Different Methods To Employ Data Labelling In Machine Learning Tasks
Often, data labeling goes hand in hand with data acquisition. When compiling information from the Web to create a knowledge base, each fact is considered accurate and is therefore implicitly labeled as true. In the context of data labeling literature, it's useful to separate it from data acquisition due to the distinct techniques involved.
After obtaining sufficient data, the next phase involves assigning labels to individual instances. For example, in a scenario where an image dataset of industrial components is collected for a smart factory application, workers can begin annotating any defects in the components.
We propose the following categories to offer a comprehensive view of the data labeling landscape:
- Leveraging existing labels: One early concept in data labeling involves making use of any pre-existing labels. This is seen in semi-supervised learning, where the existing labels are utilized to predict the remaining labels.
- Crowd-based approaches: The subsequent set of techniques revolves around crowdsourcing. A basic method involves labeling individual examples. A more sophisticated approach is active learning, which carefully selects questions to ask.

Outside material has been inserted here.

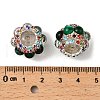 Sparkling Acrylic Rhinestone Round Beads OACR-NH0002-01A-06-3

- Weak labels: While aiming for perfect labels is ideal, it can be costly. An alternative approach is to generate less-than-perfect labels (known as weak labels) in larger quantities to compensate for their lower quality.
Table of Contents
- Utilizing Existing Datasets
- Crowd Based Techniques
- Weak Supervision
- Conclusion
- Frequently Asked Questions
Utilizing Existing Datasets
In the field of machine learning, a common scenario involves having a limited amount of labeled data, which can be costly and time-consuming to gather through human efforts. Alongside this labeled data, a significantly larger pool of unlabeled data exists.
Semi-supervised learning methods capitalize on both labeled and unlabeled data to make predictions. This approach can be employed in two learning settings: Transductive learning, where all the unlabeled data is accessible, and Inductive learning, where only a portion of the unlabeled data is available, and predictions are required for unseen data.
Within the realm of semi-supervised learning, there's a specific subset we're focusing on known as self-labeled techniques. In this subset, the primary objective is to generate more labels by relying on the model's own predictions.
While a comprehensive discussion is provided in the paper, we'll offer a brief overview here. Beyond the general techniques, there are also specialized graph-based label propagation methods tailored for data structured as graphs.
Classification
Semi-supervised learning techniques for classification aim to develop models that can assign one of multiple possible classes to each example using labeled and unlabeled datasets.
Figure: Classification Tasks Machine Learning
The techniques involved above can be categorized as follows:
Simple Approach
The simplest category involves training a single model using one learning algorithm on a specific set of features. For instance, Self-training initially trains a model on labeled examples and then utilizes it to predict unlabeled data.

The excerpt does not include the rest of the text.